The Casa Grande Barberini, on the right, in an engraving by Vasi showing it in the years when it was a Carmelite convent. The façade it portrays, on the Piazza del Monte di Pietà, is still the one Taddeo Barberini had built, before the late 18th-century and contemporary alterations

Ownership by the Discalced Carmelites was a brief interlude in the history of the Casa Grande. The Order established the purchase of the new headquarters in the general chapter of 1734, proceeding in a short time to draw up the contract with Cardinal Carlo Barberini. Within three months, the solemn blessing of the building, which was used as a convent and the seat of the General Curia of the Order, was achieved on January 21, 1735 by Carmelite Cardinal Giovanni Antonio Guadagni.[17] Contini's atrium was converted into a church, dedicated to Saints Teresa and John of the Cross, founders and glories of the Discalced Carmelites.[18] Three general chapters of the Order met in the convent, until in 1759 it was sold by the Carmelites to the Monte di Pietà and moved to the smaller Rocci palace on Via di Monserrato.

Monte di Pietà (1759-1880)

The arch of the Monte, which was built after the Monte di Pietà purchased the Barberini palace to join it to its headquarters

The ancient institution of the Monte di Pietà of Rome, founded in 1527 and approved in 1539 by Paul III with the bull "Ad Sacram Beati Petri Sedem," had its headquarters from the very early seventeenth century in the palace formerly belonging to the Petrignani family of Amelia, which still houses it. During the pontificate of Benedict XIV (1740-1758), the institute became the bank of the State of the Church, assuming first, in 1743, the functions of Secret Treasury and General Depositary of the Reverend Apostolic Camera (previously contracted out to private bankers) and then, from 1749, of Papal Mint. In view of the new space requirements generated by these changes, the Monte di Pietà turned to the search for a location for its new offices, opting in 1759 to purchase from the Discalced Carmelites the old Casa Grande dei Barberini, bordering its palace. To provide a safe passage between the two buildings, the street that separated them was bypassed with an arch, built in the following decade, and from it took the name Via dell'Arco del Monte. The Casa Grande, enlarged in the direction of the arch, was destined to be the headquarters of the General Depositary of the Apostolic Camera, the Depositary Bank and the archives of the Monte di Pietà:[2] the atrium and staircase designed by Giansimoni in the new wing date to these years (1759-1764).[19] From this time until the Capture of Rome, the Casa Grande Barberini remained the property of the Monte di Pietà: among the transformations in the building's decorative apparatus, the three mounts that replaced the Barberini coats of arms in many of the stucco cornices inside[20] bear witness to this phase. In 1819 the twelve black granite columns of Contini's atrium were removed and replaced by travertine columns to adorn the New Wing of the Vatican Museums.[2]

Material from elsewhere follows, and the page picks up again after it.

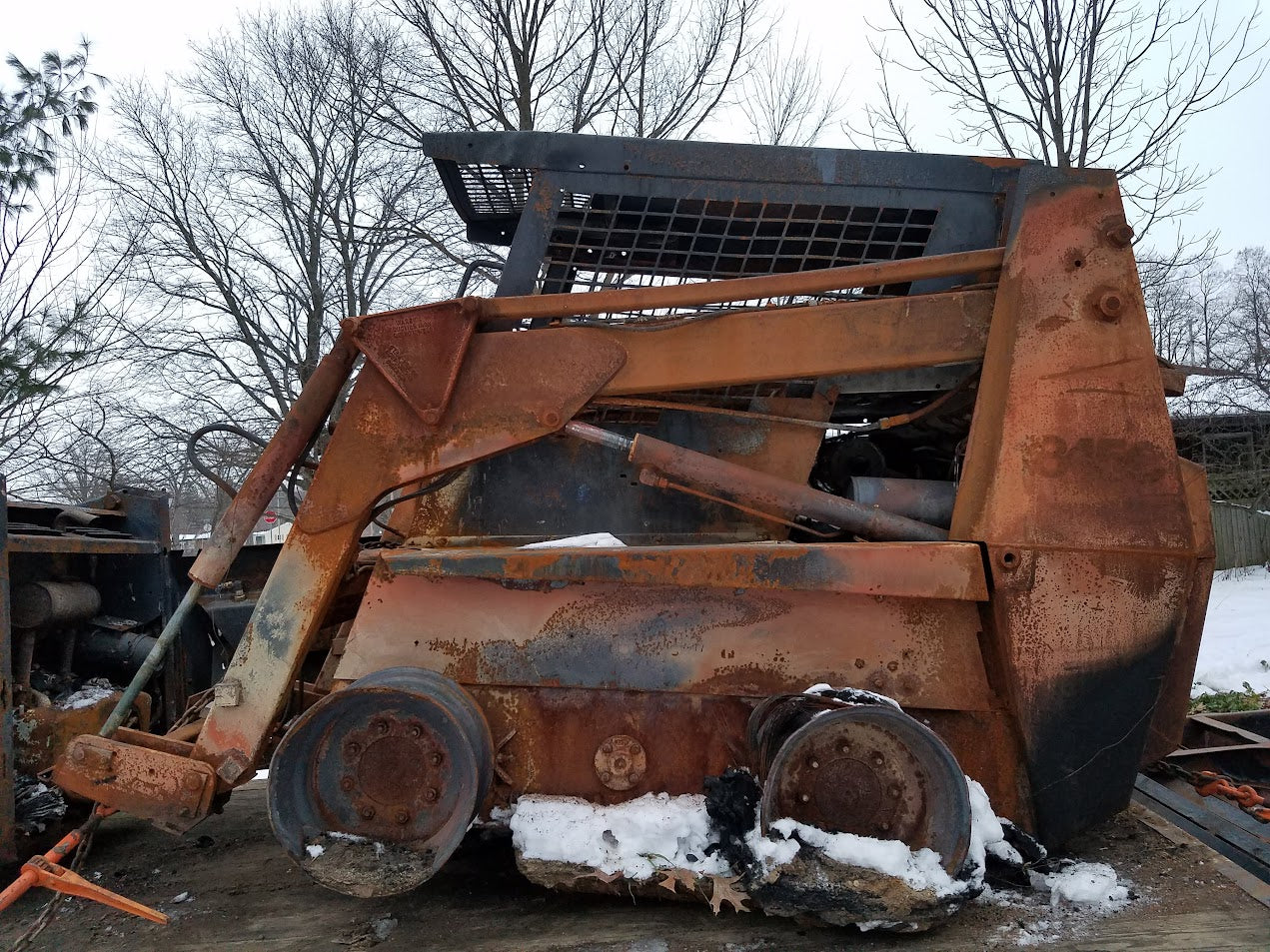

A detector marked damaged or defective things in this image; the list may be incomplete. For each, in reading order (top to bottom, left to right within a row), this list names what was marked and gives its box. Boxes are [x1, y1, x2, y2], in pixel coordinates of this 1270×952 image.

State property: the schools

Between 1872 and 1880, the vicissitudes of the palace were again separated from those of the Monte di Pietà: the old Casa Grande was destined to be used as the seat of educational institutions by the Municipality of Rome, which took possession of it in those years. The part on Via dei Giubbonari, on which a new gateway was opened, became the site of a Scuola degli Artieri (a type of vocational institute in post-unification Italy consisting of evening drawing schools for people of humble backgrounds already provided with other employment),[21] while the wing on Via dell'Arco del Monte was designated to house Rome's first girls' school, named first Scuola Normale Femminile and then, from 1883, named after the poetess Vittoria Colonna, which still exists today.[22] The first principal of this school was Giannina Milli, after whom the institute on Via dei Giubbonari was named, which replaced the Artieri school and which today, since 1923, bears the name "Trento e Trieste."[23] The building's new function led to numerous alterations, including the elevation of the facade on Piazza del Monte di Pietà and, inside, the almost complete disruption of the original division into rooms to create classrooms, bathrooms, cafeterias and every other type of environment necessary for a school.[24] Other parts of the building were put to different uses: the Contini atrium, transformed into a theater in the 1930s for use by the Gruppo Rionale Fascista, is now given over to commercial activities.[25]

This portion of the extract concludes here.